# My Silver Flying fox eating Black beard algae.



## Haven

Hi Everyone

Here is prove that BBA can be effectively controlled. I have 3 of these bad boys in my 55 gallon and they completely wiped out the BBA. The trick is not to let them get used to flakes or pellets food.


----------



## 2wheelsx2

How did you manage to prevent them from eating other foods when there are other fish in the tank?


----------



## Haven

2wheelsx2 said:


> How did you manage to prevent them from eating other foods when there are other fish in the tank?


I feed them in a very controlled manner, it takes a little longer. Drop just enough food for the other fish to get to before the Silver foxes realizes there is food. It takes me about 8 to 10 mins to feed them.
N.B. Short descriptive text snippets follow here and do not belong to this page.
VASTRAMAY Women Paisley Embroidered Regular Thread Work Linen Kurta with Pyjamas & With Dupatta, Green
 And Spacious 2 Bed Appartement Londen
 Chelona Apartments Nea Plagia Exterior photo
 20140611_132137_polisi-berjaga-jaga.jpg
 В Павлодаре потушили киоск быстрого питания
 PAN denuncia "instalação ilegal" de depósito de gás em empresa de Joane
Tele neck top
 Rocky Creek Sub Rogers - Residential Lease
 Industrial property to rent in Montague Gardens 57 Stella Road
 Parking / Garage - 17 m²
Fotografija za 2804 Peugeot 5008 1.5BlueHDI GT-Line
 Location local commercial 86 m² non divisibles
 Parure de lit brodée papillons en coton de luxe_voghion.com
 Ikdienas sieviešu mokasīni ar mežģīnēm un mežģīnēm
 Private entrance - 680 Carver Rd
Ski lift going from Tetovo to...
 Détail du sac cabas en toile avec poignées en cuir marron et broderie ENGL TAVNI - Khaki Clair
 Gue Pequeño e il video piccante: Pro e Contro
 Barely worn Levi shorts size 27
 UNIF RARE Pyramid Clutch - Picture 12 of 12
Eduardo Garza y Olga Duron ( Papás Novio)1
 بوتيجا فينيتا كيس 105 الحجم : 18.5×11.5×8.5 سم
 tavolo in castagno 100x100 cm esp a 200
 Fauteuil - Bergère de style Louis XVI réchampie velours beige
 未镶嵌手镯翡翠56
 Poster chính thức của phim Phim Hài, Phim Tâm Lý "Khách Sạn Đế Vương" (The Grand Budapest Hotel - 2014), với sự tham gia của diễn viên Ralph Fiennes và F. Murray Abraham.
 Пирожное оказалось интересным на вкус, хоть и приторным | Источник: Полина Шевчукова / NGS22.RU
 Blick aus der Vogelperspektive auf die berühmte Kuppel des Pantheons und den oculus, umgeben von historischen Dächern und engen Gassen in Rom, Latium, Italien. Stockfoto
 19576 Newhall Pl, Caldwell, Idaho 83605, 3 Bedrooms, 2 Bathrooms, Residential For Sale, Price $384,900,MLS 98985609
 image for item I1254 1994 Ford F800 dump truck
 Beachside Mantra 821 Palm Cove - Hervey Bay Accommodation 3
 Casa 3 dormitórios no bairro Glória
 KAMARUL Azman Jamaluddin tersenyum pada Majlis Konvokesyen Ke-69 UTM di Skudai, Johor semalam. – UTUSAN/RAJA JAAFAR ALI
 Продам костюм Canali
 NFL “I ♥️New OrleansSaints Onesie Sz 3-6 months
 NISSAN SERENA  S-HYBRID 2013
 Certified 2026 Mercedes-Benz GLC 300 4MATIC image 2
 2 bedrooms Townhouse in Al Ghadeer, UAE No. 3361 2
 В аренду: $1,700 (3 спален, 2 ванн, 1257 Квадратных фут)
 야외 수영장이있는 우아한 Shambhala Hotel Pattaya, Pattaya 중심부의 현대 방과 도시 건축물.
I also tap on them (silver foxes) when they come to the surface for food. The pellets are for my plecos and i turn off the lights to feed them.


----------



## Nicole

Have you tried SAE? I have 2 of them in a 110G. I never have to monitor them. They eat frozen bloodworms, NLS pellets, and zuchinni and go the craziest for BBA! I purposefully let BBA grow on my driftwood in other tanks and then move the driftwood to the 110G as a treat for my SAEs  So if anyone has decor that needs to be cleaned of BBA..it would be my pleasure


----------



## CRS Fan

My SFF have all eventually gotten a taste for any moss. You may find your 3 may do the same. SFF will always prefer tgo eat BBA over all foods (especially at night).

Best Regards,

Stuart


----------